At night, I read aloud, we’d hide kerosene lamps under our blankets and read our textbooks until the small hours of the morning. If the matron had popped her head into the dormitories, she’d have seen rows of little lanterns blurred under duvet covers and heard the sounds of scribbling pens and pencils and the turning of pages.

“Nice.”

Mwaikambo smiles broadly.

“Well, we knew that we were there to pass our examinations, not to find boyfriends, and that this required a huge amount of discipline and dedication.” 

After Tabora, Mwaikambo enrolled at Dar es Salaam Technical College for a one-year secretarial course, and after qualifying was posted to Mbeya provincial office, where she worked as the personal secretary of the provincial medical officer. Understimulated, Mwaikambo resigned after a year and took a job as an air hostess, becoming one of the continent’s first African flight attendants, only to resign from this job after a few months.

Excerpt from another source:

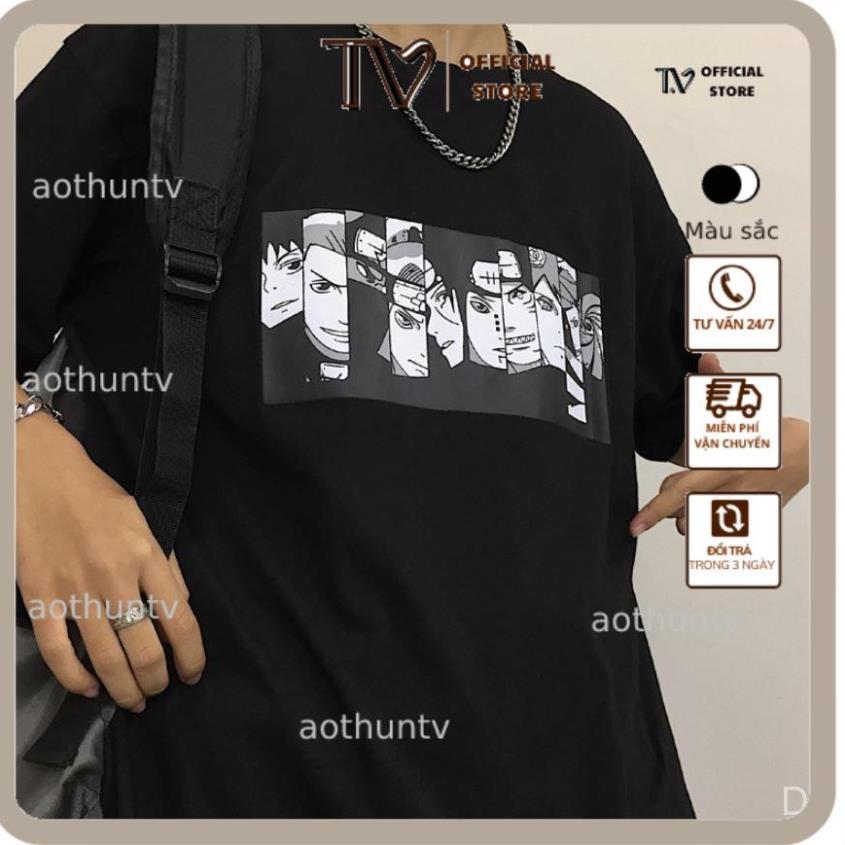 Áo thun nữ TVSTORE Áo phông tay lỡ form rộng NARUTO cotton mát màu trắng đen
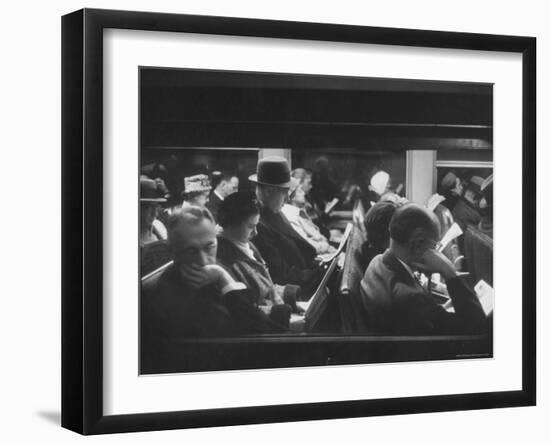 Commuters Reading on the Train-Walter Sanders-Framed Photographic Print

Mwaikambo (third from right) briefly worked as an air hostess in 1960, before spreading her wings to study in Russia. Picture: Supplied
Mwaikambo (third from right) briefly worked as an air hostess in 1960, before spreading her wings to study in Russia. Picture: Supplied

“I’ve always wondered what was pushing me. I just know that there was always something — some sense — telling me ‘this is not where you settle’.” 

Mwaikambo grew up in Tanganyika, under British rule, but by 1953 when she was 10, Julius Nyerere, as president of the Tanganyika African Association, had begun campaigning for independence, calling for Uhuru na Umoja (“Freedom and Unity”), a dream he achieved in 1961 when a republic was declared, with Nyerere as its leader. Tanganyika was renamed Tanzania.

“It was a shift in identity, and suddenly there were all these opportunities to go and study abroad,” Mwaikambo recalls. The idea appealed to her, and since science and engineering courses were not offered to women, she opted for journalism, and was accepted into a course in Moscow.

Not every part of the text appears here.